§ Your assignment
Your reply should be an exact copy of every entry, with the pictures removed.
-------------------------
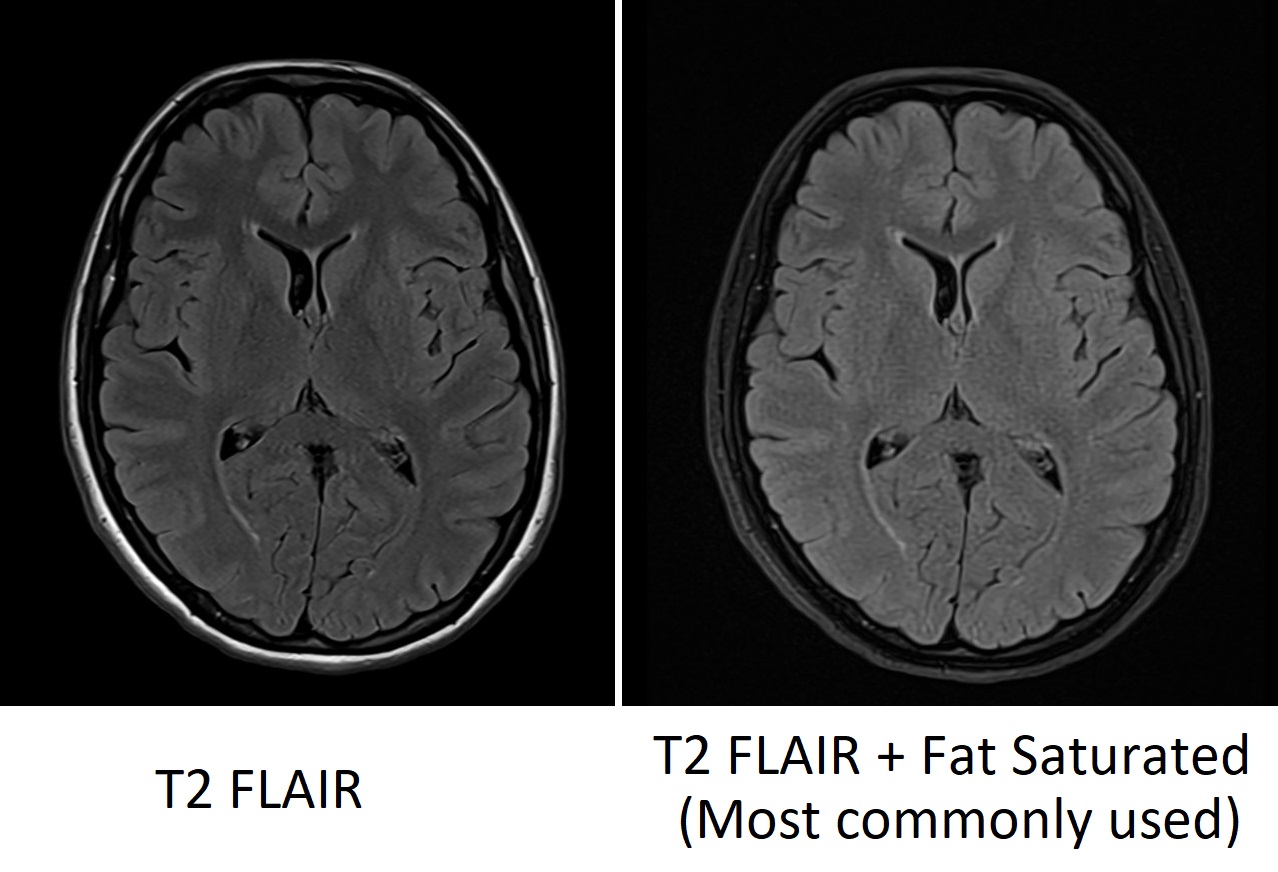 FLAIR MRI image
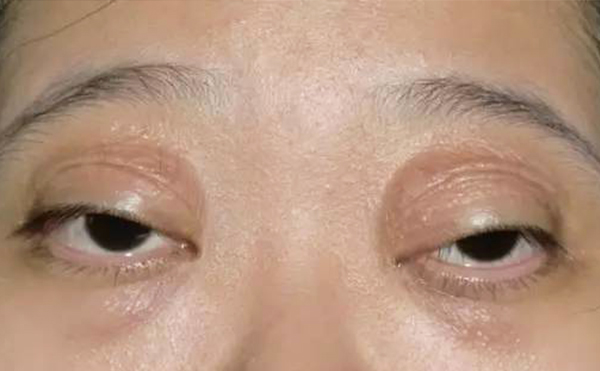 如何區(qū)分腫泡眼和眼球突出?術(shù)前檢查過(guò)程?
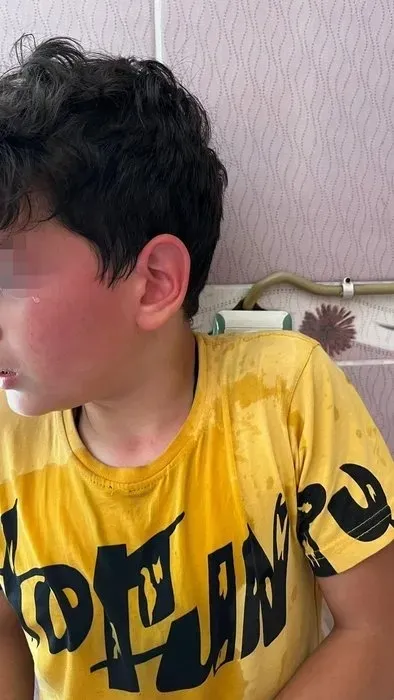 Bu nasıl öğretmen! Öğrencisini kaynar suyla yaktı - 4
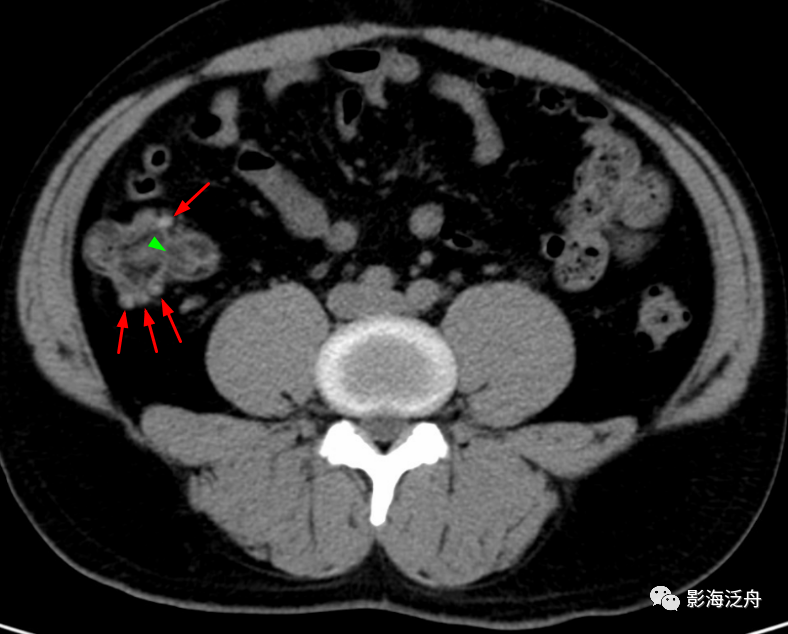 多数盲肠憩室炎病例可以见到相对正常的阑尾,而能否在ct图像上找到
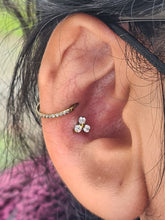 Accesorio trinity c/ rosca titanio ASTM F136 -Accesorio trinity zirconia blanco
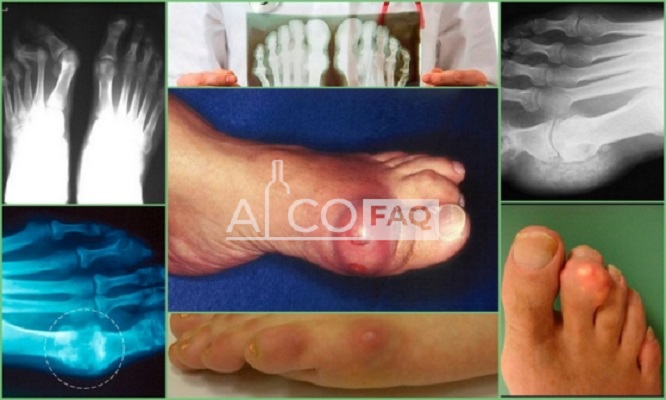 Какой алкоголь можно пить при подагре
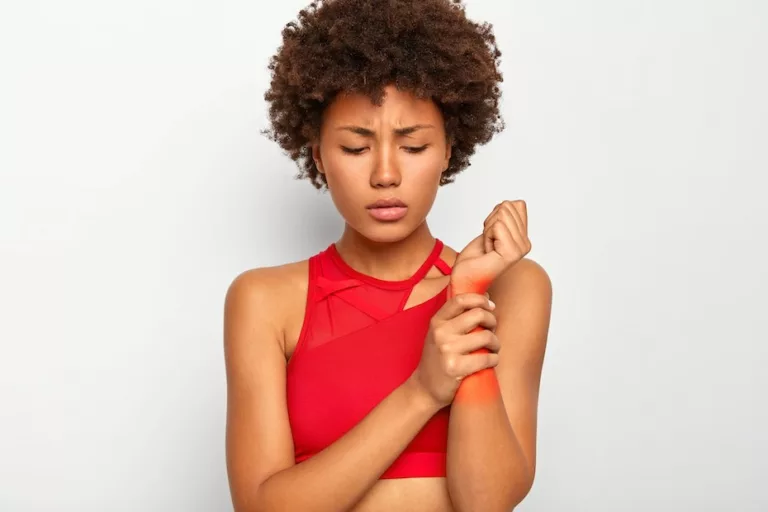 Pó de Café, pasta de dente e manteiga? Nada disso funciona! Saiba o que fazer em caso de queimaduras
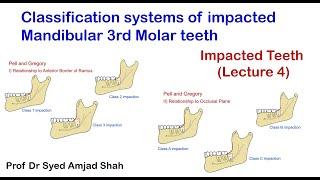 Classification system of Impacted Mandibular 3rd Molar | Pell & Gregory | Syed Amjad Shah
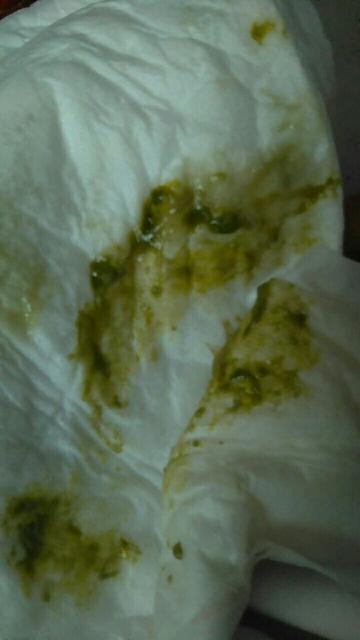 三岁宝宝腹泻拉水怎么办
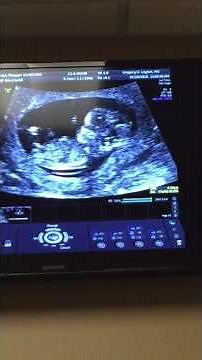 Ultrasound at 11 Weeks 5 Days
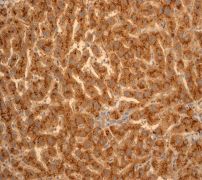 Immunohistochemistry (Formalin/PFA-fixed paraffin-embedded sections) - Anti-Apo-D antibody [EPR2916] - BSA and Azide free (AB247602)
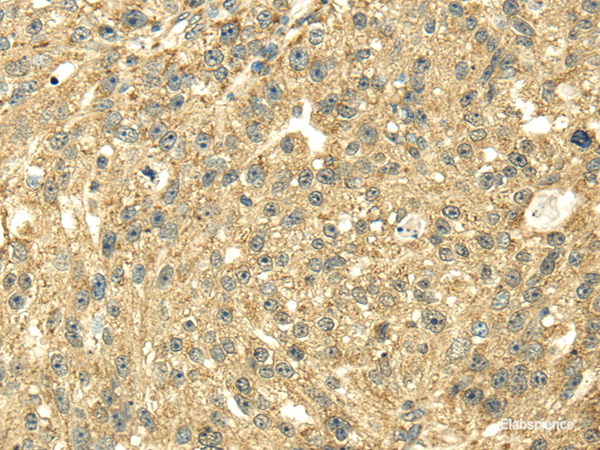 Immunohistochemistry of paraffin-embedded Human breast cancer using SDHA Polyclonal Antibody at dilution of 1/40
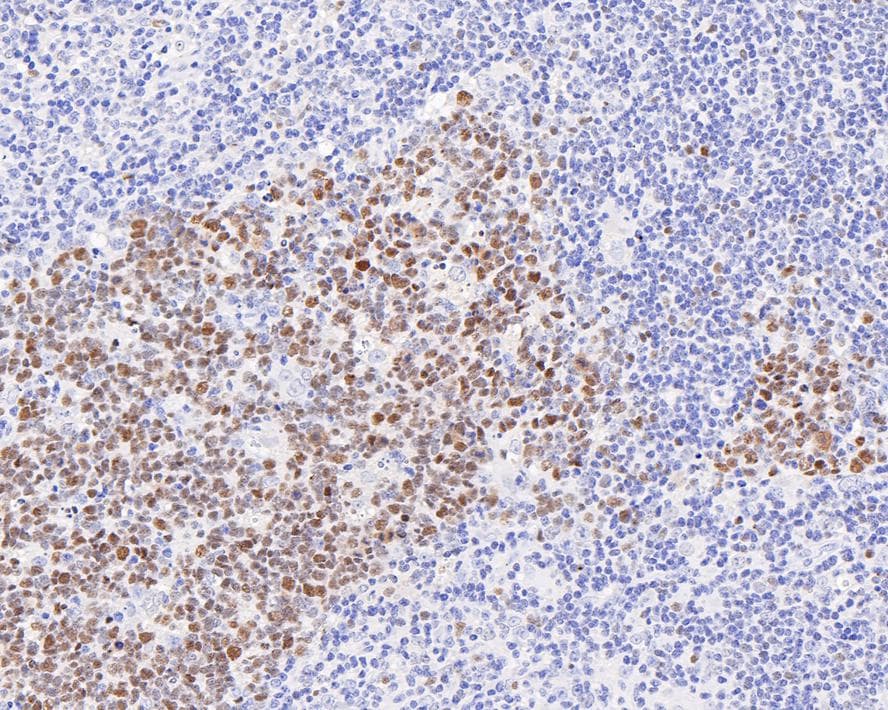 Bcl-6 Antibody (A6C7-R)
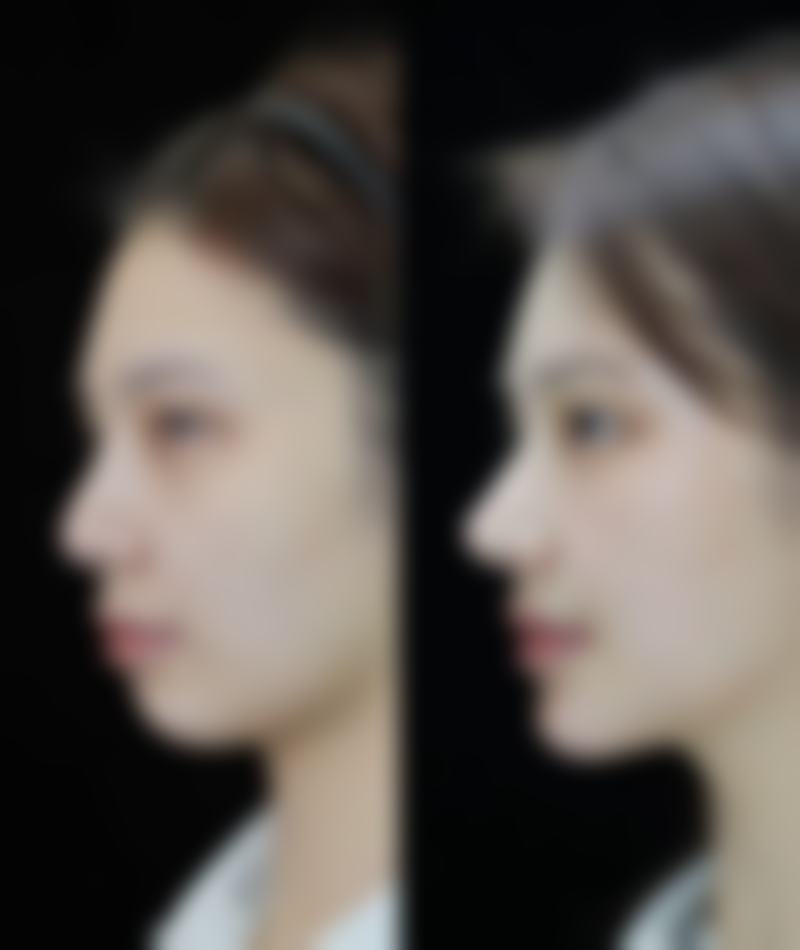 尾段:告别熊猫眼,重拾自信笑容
-------------------------
§ Exercise response
 FLAIR MRI image
 如何區(qū)分腫泡眼和眼球突出?術(shù)前檢查過(guò)程?
 Bu nasıl öğretmen! Öğrencisini kaynar suyla yaktı - 4
 多数盲肠憩室炎病例可以见到相对正常的阑尾,而能否在ct图像上找到
 Accesorio trinity c/ rosca titanio ASTM F136 -Accesorio trinity zirconia blanco
 Какой алкоголь можно пить при подагре
 Pó de Café, pasta de dente e manteiga? Nada disso funciona! Saiba o que fazer em caso de queimaduras
 Classification system of Impacted Mandibular 3rd Molar | Pell & Gregory | Syed Amjad Shah
 三岁宝宝腹泻拉水怎么办
 Ultrasound at 11 Weeks 5 Days
 Immunohistochemistry (Formalin/PFA-fixed paraffin-embedded sections) - Anti-Apo-D antibody [EPR2916] - BSA and Azide free (AB247602)
 Immunohistochemistry of paraffin-embedded Human breast cancer using SDHA Polyclonal Antibody at dilution of 1/40
 Bcl-6 Antibody (A6C7-R)
 尾段:告别熊猫眼,重拾自信笑容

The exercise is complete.